## RECORD SET
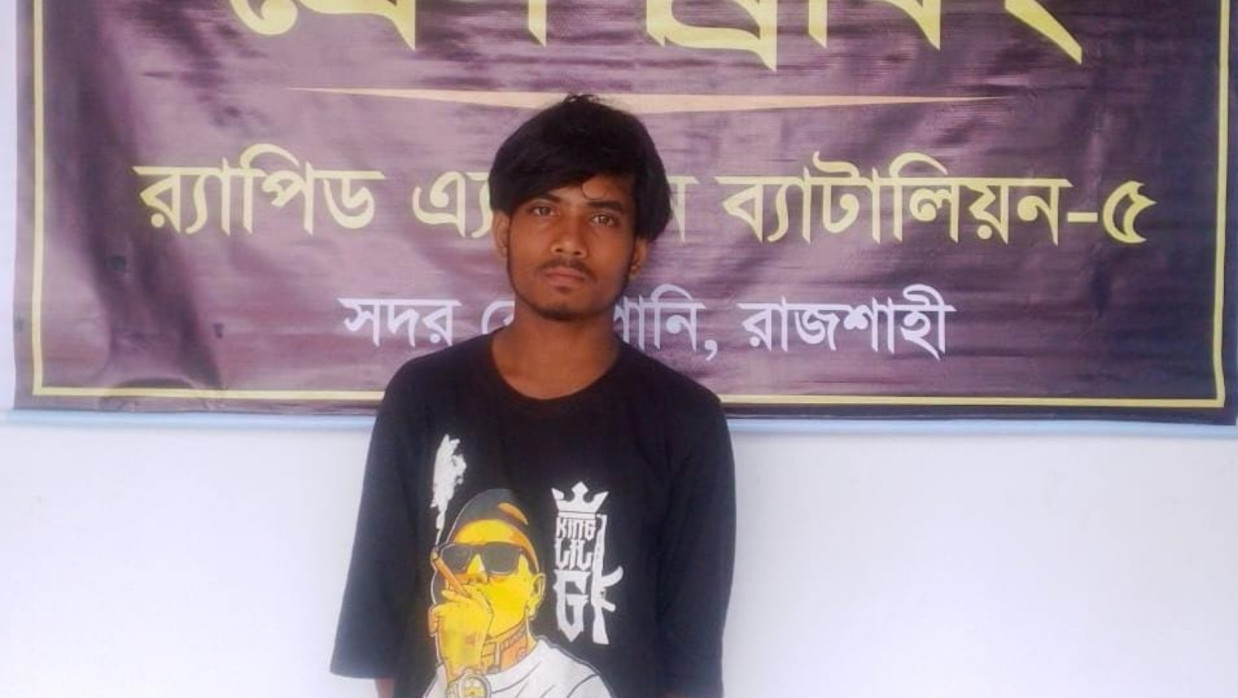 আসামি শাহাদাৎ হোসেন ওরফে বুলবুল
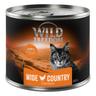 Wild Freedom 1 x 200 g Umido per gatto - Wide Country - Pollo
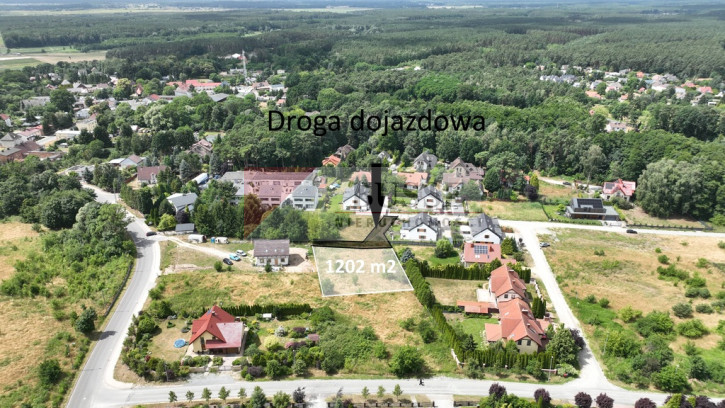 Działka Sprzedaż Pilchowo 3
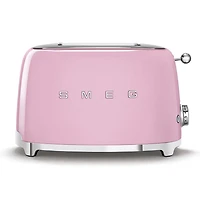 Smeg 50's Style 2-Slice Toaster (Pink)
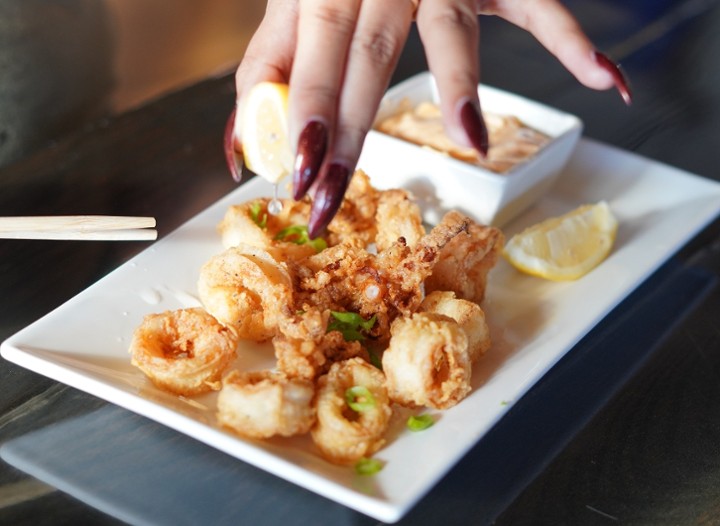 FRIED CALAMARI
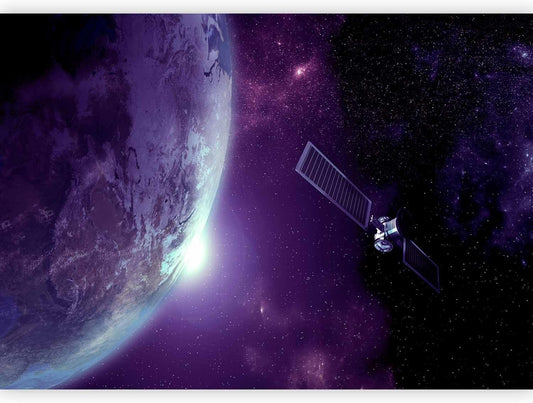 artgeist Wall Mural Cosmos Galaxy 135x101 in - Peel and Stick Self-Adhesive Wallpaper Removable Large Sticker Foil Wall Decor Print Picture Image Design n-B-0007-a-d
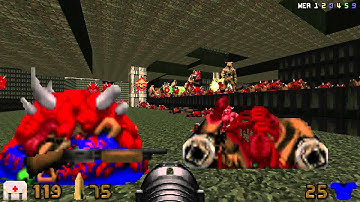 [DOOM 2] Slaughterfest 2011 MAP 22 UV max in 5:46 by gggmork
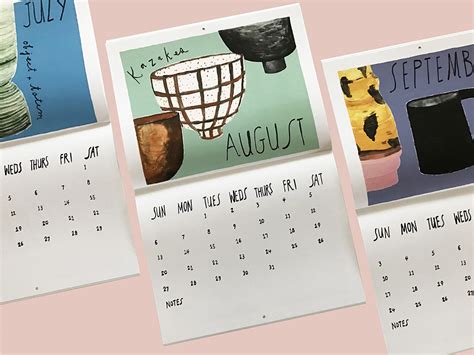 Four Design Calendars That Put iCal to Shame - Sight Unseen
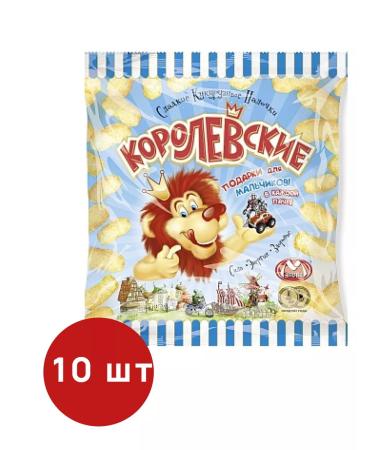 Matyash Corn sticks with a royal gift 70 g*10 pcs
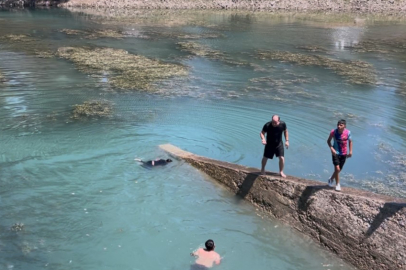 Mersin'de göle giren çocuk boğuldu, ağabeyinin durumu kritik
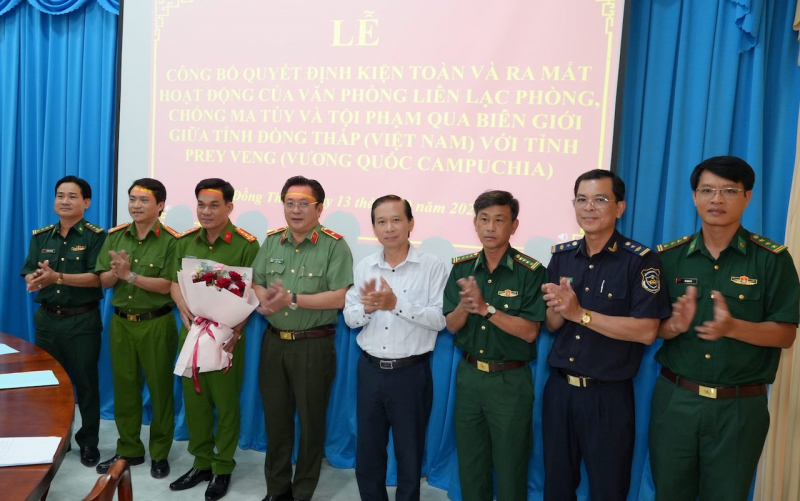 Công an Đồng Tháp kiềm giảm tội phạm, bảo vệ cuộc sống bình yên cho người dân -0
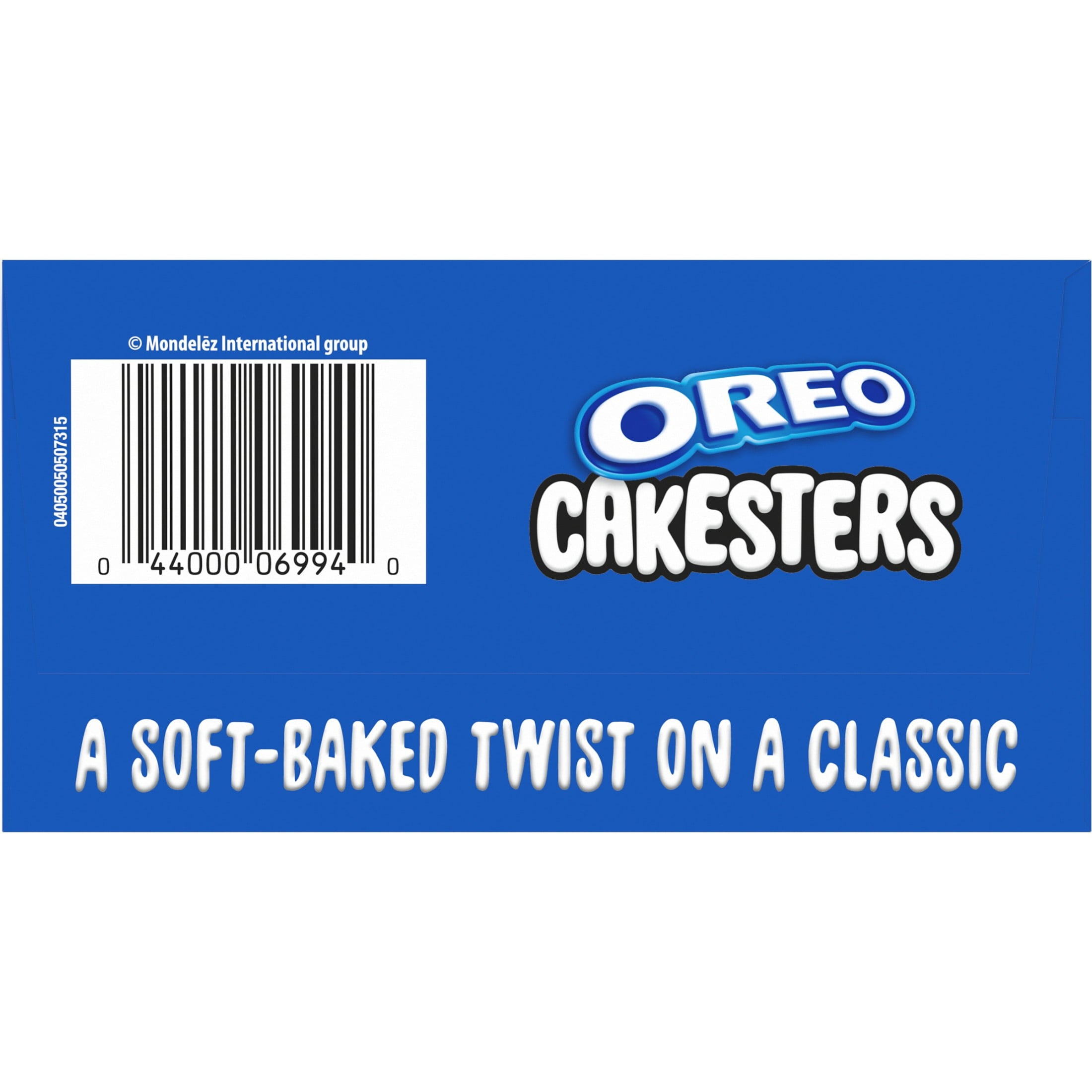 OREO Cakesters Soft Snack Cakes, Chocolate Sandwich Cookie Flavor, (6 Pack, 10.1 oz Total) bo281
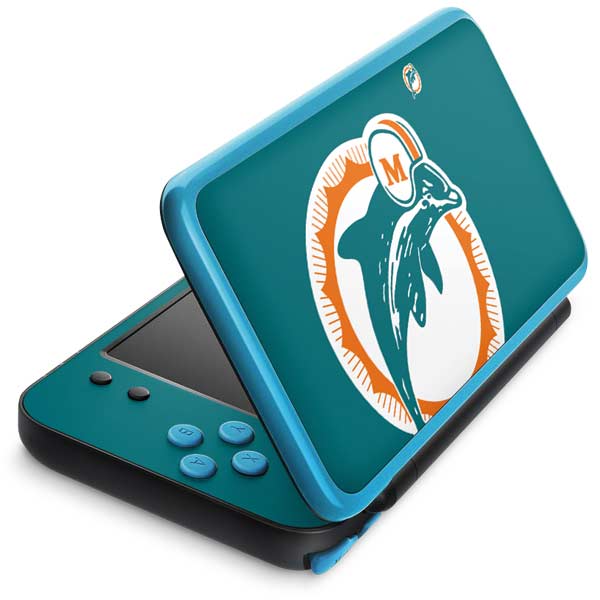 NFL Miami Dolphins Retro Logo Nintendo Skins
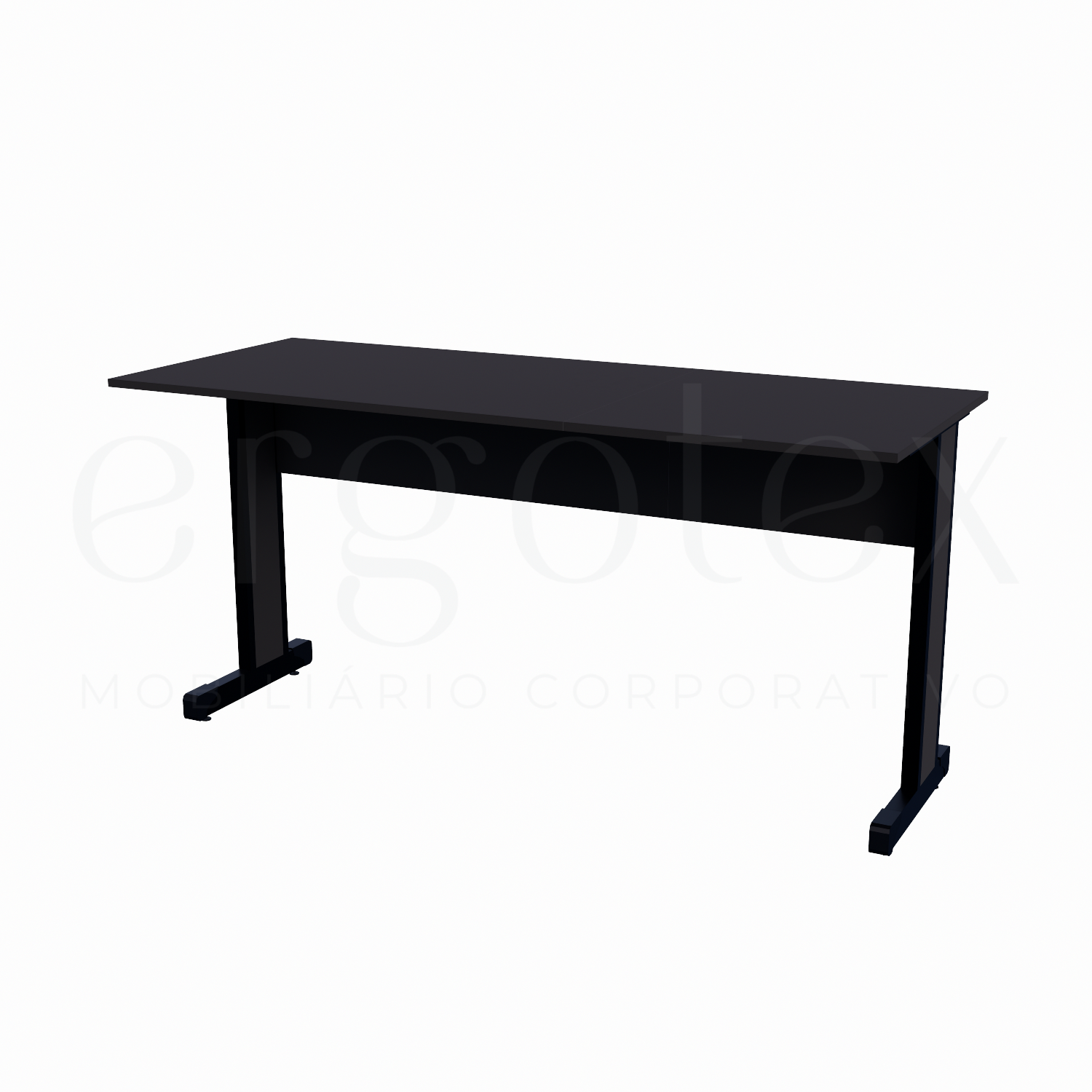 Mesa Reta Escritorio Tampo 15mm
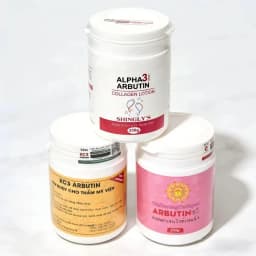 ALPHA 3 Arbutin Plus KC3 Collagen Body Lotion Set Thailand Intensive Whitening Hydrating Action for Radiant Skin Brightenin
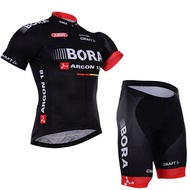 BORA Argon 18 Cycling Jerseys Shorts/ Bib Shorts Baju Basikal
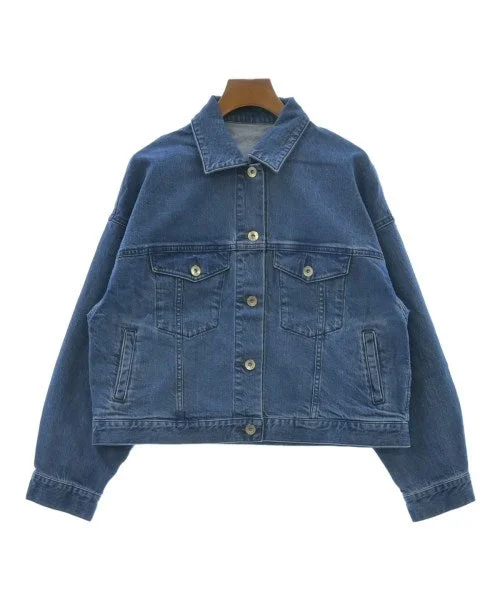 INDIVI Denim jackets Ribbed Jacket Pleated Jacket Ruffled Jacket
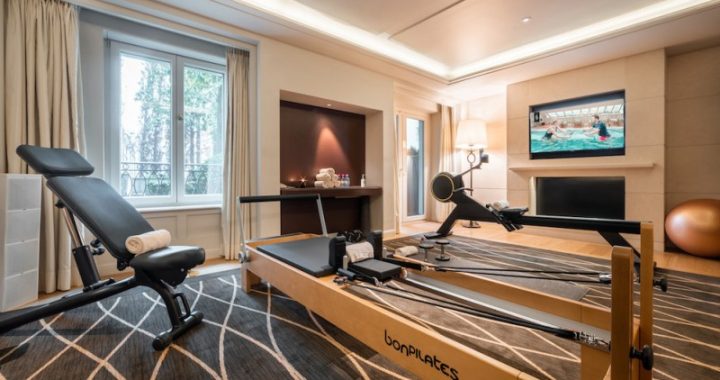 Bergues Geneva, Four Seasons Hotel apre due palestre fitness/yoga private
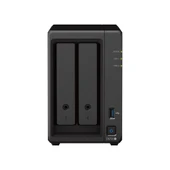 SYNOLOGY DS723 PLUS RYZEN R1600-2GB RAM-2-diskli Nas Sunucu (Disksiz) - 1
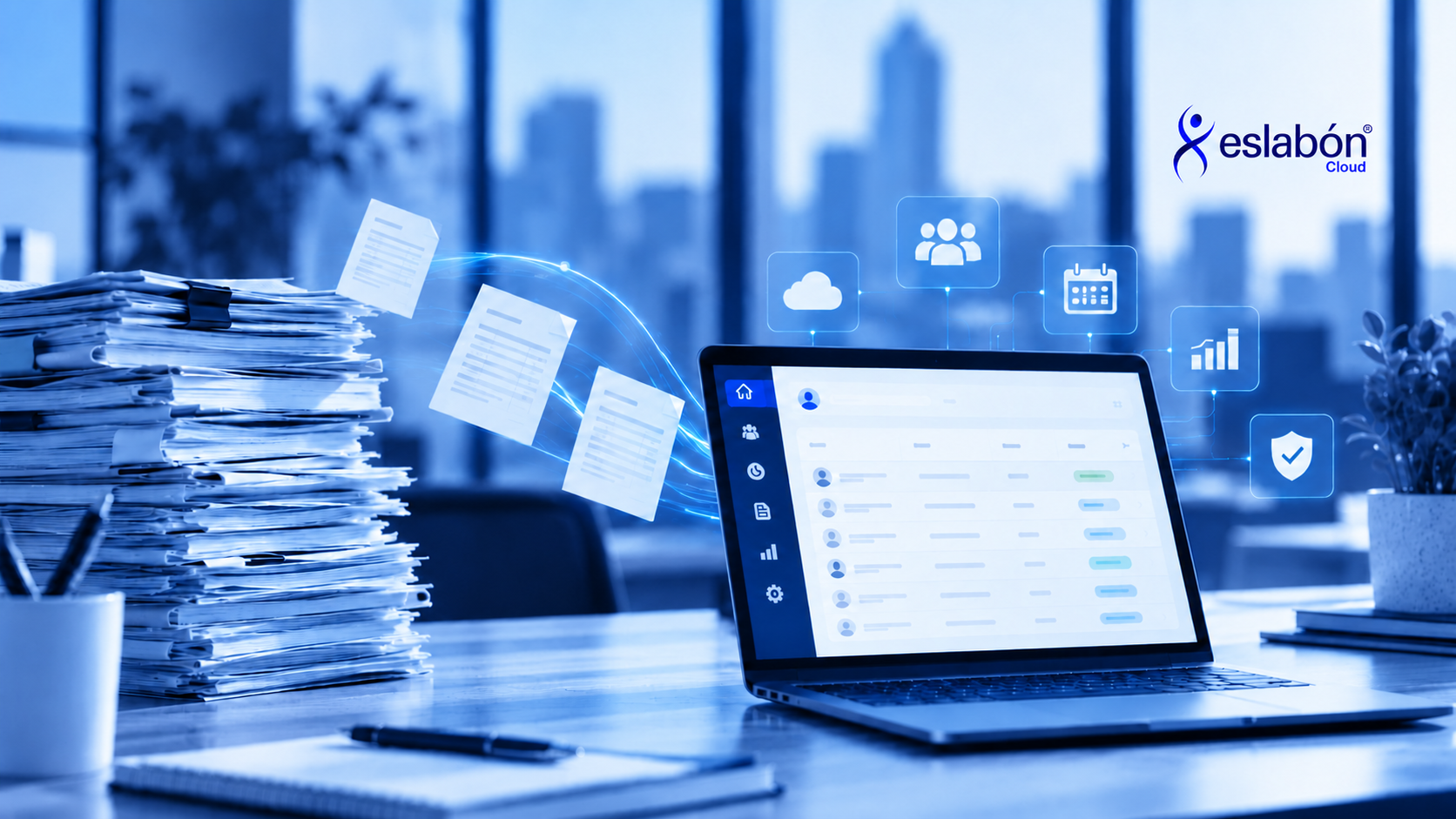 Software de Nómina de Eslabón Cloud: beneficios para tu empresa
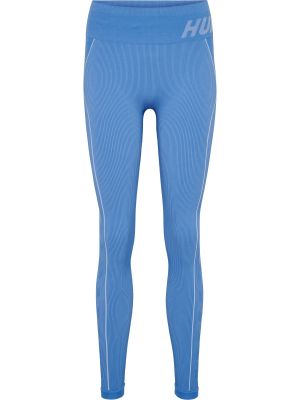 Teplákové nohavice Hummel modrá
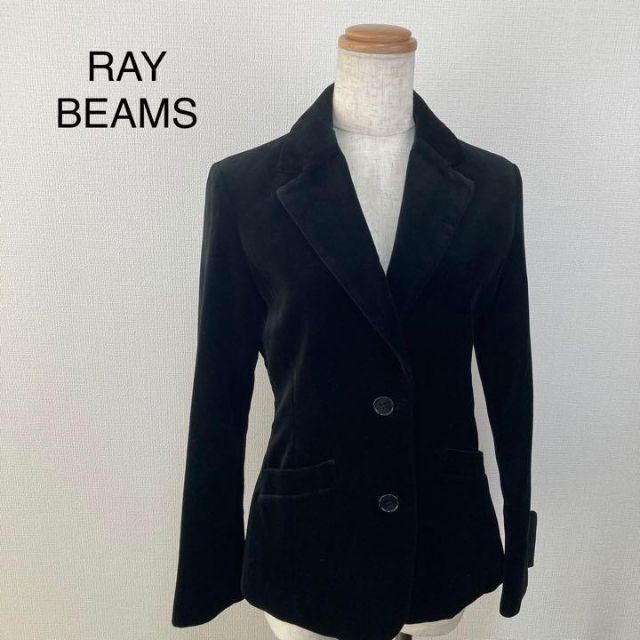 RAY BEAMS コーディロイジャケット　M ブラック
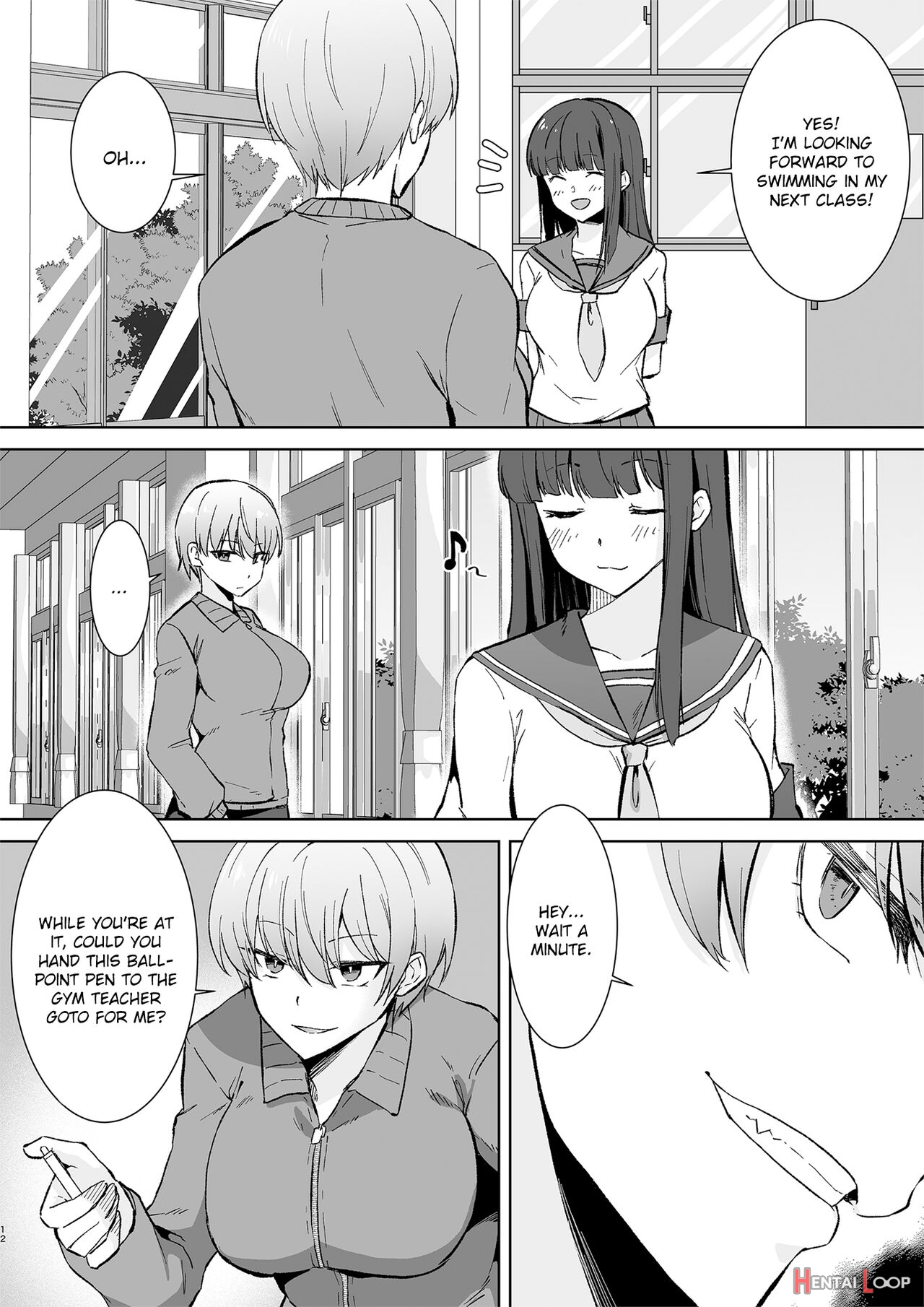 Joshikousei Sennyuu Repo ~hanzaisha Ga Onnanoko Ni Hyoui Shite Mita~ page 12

## ACTIVITY
The entries above should be written out in full, and any picture in them left out.

## REPLY TO THE TASK
 আসামি শাহাদাৎ হোসেন ওরফে বুলবুল
 Wild Freedom 1 x 200 g Umido per gatto - Wide Country - Pollo
 Działka Sprzedaż Pilchowo 3
 Smeg 50's Style 2-Slice Toaster (Pink)
 FRIED CALAMARI
 artgeist Wall Mural Cosmos Galaxy 135x101 in - Peel and Stick Self-Adhesive Wallpaper Removable Large Sticker Foil Wall Decor Print Picture Image Design n-B-0007-a-d
 [DOOM 2] Slaughterfest 2011 MAP 22 UV max in 5:46 by gggmork
 Four Design Calendars That Put iCal to Shame - Sight Unseen
 Matyash Corn sticks with a royal gift 70 g*10 pcs
 Mersin'de göle giren çocuk boğuldu, ağabeyinin durumu kritik
 Công an Đồng Tháp kiềm giảm tội phạm, bảo vệ cuộc sống bình yên cho người dân -0
 OREO Cakesters Soft Snack Cakes, Chocolate Sandwich Cookie Flavor, (6 Pack, 10.1 oz Total) bo281
 NFL Miami Dolphins Retro Logo Nintendo Skins
 Mesa Reta Escritorio Tampo 15mm
 ALPHA 3 Arbutin Plus KC3 Collagen Body Lotion Set Thailand Intensive Whitening Hydrating Action for Radiant Skin Brightenin
 BORA Argon 18 Cycling Jerseys Shorts/ Bib Shorts Baju Basikal
 INDIVI Denim jackets Ribbed Jacket Pleated Jacket Ruffled Jacket
 Bergues Geneva, Four Seasons Hotel apre due palestre fitness/yoga private
 SYNOLOGY DS723 PLUS RYZEN R1600-2GB RAM-2-diskli Nas Sunucu (Disksiz) - 1
 Software de Nómina de Eslabón Cloud: beneficios para tu empresa
 Teplákové nohavice Hummel modrá
 RAY BEAMS コーディロイジャケット　M ブラック
 Joshikousei Sennyuu Repo ~hanzaisha Ga Onnanoko Ni Hyoui Shite Mita~ page 12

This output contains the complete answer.